Las gotas de sudor dibujaban ríos entre la tierra que se me pegaba a la piel. La humedad me impregnaba la ropa y aumentaba con cada latido, ya que la temperatura continuaba elevándose. La brisa ardiente era una tortura que jugaba con la realidad y me arrebataba la esperanza de cuajo, pero, al menos, tenía comida.

Me había visto obligada a correr tras el pírsalo durante más tiempo del que me gustaría admitir y, en consecuencia, tenía la piel llena de cortes provocados por los arbustos de ramas desnudas. La fragilidad de mi cuerpo había dificultado la misión hasta rozar lo ridículo, aunque el placer que me invadió al cazar el ave llegó como una brisa de aire fresco. Había olvidado que, a pesar de todo, podía seguir cuidando de mí misma.
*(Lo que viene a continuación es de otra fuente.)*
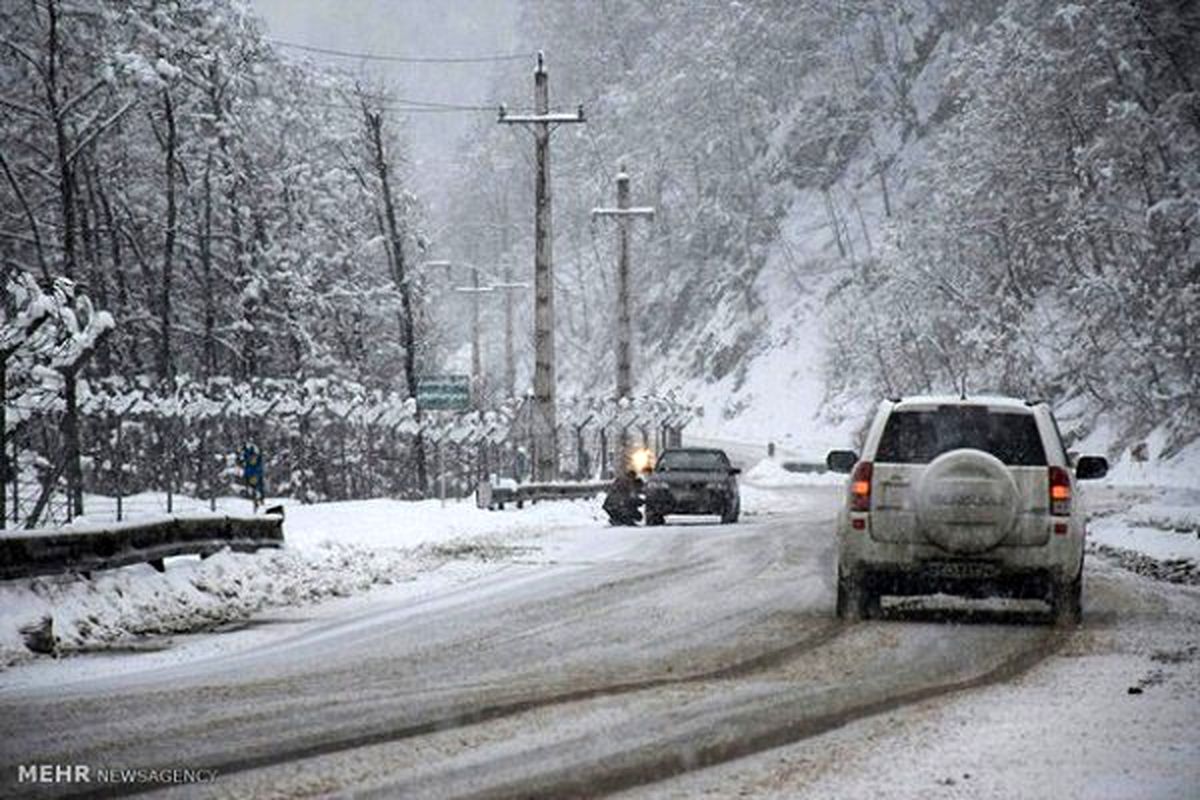 برف و باران در محورهای ۱۰ استان کشور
La sangre se me acumulaba bajo las uñas y me manchaba la ropa. Todavía recordaba el sonido que emitió el cuello del animal cuando lo rompí. La culpa se mantenía férrea en mi pecho. Tenía que comer, pero las vidas ajenas eran sagradas. Esperaba que el pírsalo hubiese disfrutado de una existencia plena antes de morir, aunque en aquel lugar árido y remoto, dudaba que tal cosa fuera posible.

—Me resulta curioso que no pienses en ese tipo de cosas cuando matas a otros neis...

—Cierra la boca, Esen.

—La nube desteñida tiene razón —coincidió Trasno—, ¿en qué se diferencian?

—El pírsalo no me hecho nada, solo tuvo la mala suerte de encontrarse en el momento y el lugar equivocados.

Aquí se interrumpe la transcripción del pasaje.